Figure 5 presents the steps involved in the live paper creation process in the form of a flowchart. The first step towards creating a live paper is to apply for an EBRAINS account. Interested users with a current affiliation to an academic institution can directly create an account at: https://ebrains.eu/register/. Users without such an affiliation may request an account. Once they have an EBRAINS account, they can access the live paper builder tool at: https://ebrains.eu/service/live-papers/. On opening the tool, users are given an option to either begin creation of a new live paper, or to continue working on an existing project - by loading a previously downloaded project file or selecting a live paper project saved in the KG.
When starting a new live paper project, users are given the option to upload the PDF file of an associated manuscript. The tool then attempts to auto-extract all the necessary publication related information from the uploaded file. We employ GROBID (Lopez et al. 2009), a tool for extracting metadata from scholarly publications, for this purpose. As another option, users can specify the DOI of the published article, and the tool will retrieve the associated metadata. Note that this second method is typically more accurate, but can retrieve limited info using the DOI. Alternatively, authors can manually enter all this information pertaining to the publication.
Widgets are provided for listing the different types of resources discussed earlier. Each widget requests, for each item in the listing, information such as the download URL for the resource, the label to be used in the listing, and optionally other resource-type specific information, such as the URL to a Model Catalog entry for model source code resources. An example of such a widget for listing morphologies is illustrated in Fig. 6. The widgets generally offer multiple input formats, with an eye to support both manual entry of information, as well as to assist copying over common programming constructs, such as lists and dictionaries. We have recently incorporated a spreadsheet-based input tool that makes it simpler to enter multiple entries at once via the GUI. The user does not need to carry out any additional tasks to integrate the visualisation tools such as the morphology viewer and neural activity visualiser. Authors are also requested to select a licensing policy to apply to the resources that they have listed on the live paper.
Live papers, during their development phase, are not publicly accessible. They have their access restricted to users belonging to a group, as defined by membership of a user-selected workspace (known as a ‘Collab’) in the EBRAINS Collaboratory. The authors, at the time of saving the live paper in the EBRAINS KG, therefore need to specify a Collab for the live paper being developed; this could be one of their existing Collabs or they can create a new one. Members of the Collab with administrator permissions can add or remove team members, and can therefore control visibility of the under-development live paper. During the development phase, all the data resources are controlled by the authors, including their storage locations. The live papers can continuously be updated in this phase.

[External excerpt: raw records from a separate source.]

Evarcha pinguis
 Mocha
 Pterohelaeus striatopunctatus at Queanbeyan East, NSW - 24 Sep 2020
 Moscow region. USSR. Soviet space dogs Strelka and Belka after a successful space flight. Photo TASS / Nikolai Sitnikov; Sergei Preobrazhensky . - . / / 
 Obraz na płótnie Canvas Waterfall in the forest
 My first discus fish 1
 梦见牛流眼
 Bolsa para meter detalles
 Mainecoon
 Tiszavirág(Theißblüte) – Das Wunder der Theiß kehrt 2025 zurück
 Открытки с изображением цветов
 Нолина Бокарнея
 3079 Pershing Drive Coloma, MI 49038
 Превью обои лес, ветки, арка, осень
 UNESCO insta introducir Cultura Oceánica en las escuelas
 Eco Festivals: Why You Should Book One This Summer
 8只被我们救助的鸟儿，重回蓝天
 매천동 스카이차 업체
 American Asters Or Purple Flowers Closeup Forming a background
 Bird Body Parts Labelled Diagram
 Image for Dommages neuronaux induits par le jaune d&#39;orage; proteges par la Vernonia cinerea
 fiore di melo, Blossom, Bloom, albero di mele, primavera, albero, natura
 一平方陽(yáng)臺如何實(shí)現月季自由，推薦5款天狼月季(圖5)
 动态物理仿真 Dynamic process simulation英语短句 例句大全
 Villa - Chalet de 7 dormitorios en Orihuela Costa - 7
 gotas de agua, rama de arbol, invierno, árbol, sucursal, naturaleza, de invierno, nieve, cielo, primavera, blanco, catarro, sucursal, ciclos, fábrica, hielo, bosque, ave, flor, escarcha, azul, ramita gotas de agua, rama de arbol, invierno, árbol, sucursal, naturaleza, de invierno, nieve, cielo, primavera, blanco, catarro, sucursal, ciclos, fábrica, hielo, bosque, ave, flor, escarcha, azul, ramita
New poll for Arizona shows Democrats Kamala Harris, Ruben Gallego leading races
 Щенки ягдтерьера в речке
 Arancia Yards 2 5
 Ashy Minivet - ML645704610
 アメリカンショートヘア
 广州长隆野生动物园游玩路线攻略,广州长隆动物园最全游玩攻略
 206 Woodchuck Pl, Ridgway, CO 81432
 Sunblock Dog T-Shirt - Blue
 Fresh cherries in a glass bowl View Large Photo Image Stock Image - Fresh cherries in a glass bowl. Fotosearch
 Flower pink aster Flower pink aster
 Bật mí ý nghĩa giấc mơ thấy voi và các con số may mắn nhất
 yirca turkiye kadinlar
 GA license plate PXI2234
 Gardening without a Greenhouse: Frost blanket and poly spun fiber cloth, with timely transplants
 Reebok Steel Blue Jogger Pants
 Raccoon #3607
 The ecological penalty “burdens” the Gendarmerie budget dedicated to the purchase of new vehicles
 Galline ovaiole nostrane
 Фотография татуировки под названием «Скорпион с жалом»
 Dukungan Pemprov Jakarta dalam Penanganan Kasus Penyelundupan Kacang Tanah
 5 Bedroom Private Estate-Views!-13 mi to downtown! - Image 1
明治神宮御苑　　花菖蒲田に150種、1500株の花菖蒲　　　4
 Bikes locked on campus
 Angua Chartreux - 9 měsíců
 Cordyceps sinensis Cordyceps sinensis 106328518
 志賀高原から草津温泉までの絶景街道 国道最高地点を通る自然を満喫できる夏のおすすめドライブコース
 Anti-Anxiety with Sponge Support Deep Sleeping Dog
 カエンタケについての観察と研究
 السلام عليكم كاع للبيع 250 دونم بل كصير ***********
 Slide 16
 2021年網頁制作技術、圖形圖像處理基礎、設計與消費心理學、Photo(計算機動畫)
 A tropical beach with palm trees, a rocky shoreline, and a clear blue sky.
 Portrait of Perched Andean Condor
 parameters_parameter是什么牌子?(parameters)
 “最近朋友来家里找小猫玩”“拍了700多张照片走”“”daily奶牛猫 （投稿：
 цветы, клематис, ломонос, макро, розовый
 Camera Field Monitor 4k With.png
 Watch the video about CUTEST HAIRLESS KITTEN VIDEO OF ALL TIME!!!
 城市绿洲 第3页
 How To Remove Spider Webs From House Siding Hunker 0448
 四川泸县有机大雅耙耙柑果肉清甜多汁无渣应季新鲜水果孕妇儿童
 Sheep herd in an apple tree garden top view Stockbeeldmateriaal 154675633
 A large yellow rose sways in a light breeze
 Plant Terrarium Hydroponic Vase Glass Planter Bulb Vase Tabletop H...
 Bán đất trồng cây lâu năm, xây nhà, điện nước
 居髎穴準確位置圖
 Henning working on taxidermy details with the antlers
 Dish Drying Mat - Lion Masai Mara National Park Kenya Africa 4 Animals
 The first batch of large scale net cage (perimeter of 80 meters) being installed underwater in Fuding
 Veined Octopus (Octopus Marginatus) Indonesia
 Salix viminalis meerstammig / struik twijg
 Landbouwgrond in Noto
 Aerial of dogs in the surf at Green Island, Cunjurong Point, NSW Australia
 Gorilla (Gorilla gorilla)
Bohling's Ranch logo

Once completed, the authors can submit the live paper for publication, after which it will undergo a curation process for the purposes of quality control. Understandably, it is not feasible to verify that a given live paper contains every single resource employed in an associated publication. This aspect is potentially best assisted by reviewers during the peer-review process of that publication, and we discuss this further later. It should be noted that live papers are not peer-reviewed from a scientific perspective. For now, the live paper curation process primarily involves verifying that all contained resources are actually accessible and that these are hosted on reliable data storage repositories. Resources hosted on authors’ or universities’ own websites are copied to the EBRAINS archival data repository, to ensure long term accessibility and availability of these resources. The URLs within the live papers are automatically updated to reflect these new storage locations. Resources hosted on other established neuroscience data repositories, such as ModelDB, Open Source Brain, BioModels, NeuroMorpho.org and the Allen Brain Atlas, are not duplicated, but instead we link directly to the corresponding entries in these repositories. Fig. 7 illustrates, through a flowchart, the steps involved in publishing a live paper.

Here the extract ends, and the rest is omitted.